Sarebbe un errore pensare che, siccome all’annoiato non interessa nulla del mondo, si produrrebbe in lui un calo o sparizione delle pulsioni, della libido. Se la libido sparisse, il soggetto sarebbe senza vita, una “statua” umana. Ma la noia è dolorosa; e non c’è dolore senza libido. Nella noia invece la libido è forte, ma senza oggetto e senza “senso”.

            Che cosa è la pulsione, der Trieb? Innanzitutto la pulsione è qualcosa di attivo, “maschile” dice Freud (il genere di Trieb in effetti è maschile in tedesco), è uno spingersi su, un debordare[10].

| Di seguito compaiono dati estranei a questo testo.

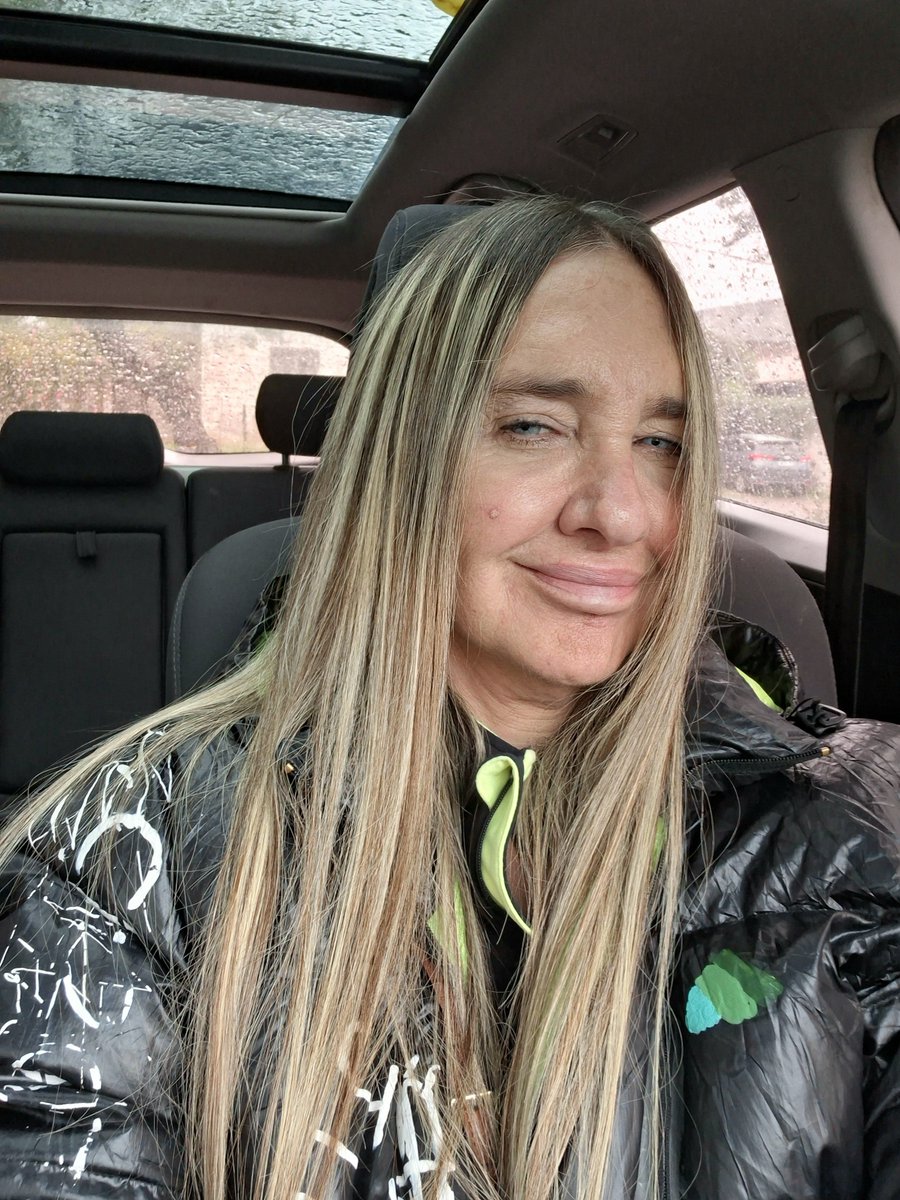 Pilar *La doña* tweet media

Prima di tutto Freud (1915a) distingue le pulsioni dell’Io – che vegliano all’autoconservazione dell’individuo – dalle pulsioni sessuali, quelle di cui si occupa specificamente. Per Freud le pulsioni sono tutte parziali, anche se le raccoglie nella categoria generale di libido. Freud non nega che si possa parlare di pulsione di giuoco, di pulsione di distruzione, di pulsione di socialità, ecc., ma pensa che tutte queste pulsioni “mentali” siano scomponibili in pulsioni parziali più elementari, connesse all’erogenità del corpo[11]. L’assioma freudiano è che lo spirituale e il mentale siano una complicazione della “carne”, del corpo libidico. Le pulsioni sessuali sono parziali perché emanano da parti del corpo, che sono per lo più orifizi (anche l’occhio, ad esempio, nel caso della pulsione scopica è orifizio). Oltre a questi orifizi o buchi che sono fonte (Quelle) della pulsione, abbiamo una spinta o impulso (Drang), uno scopo (Ziel) e un oggetto (Objekt). L’oggetto, parte integrante della pulsione, può cambiare in quanto ente, ma occorre che una posizione-oggetto ci sia sempre perché la pulsione si dispieghi come tale.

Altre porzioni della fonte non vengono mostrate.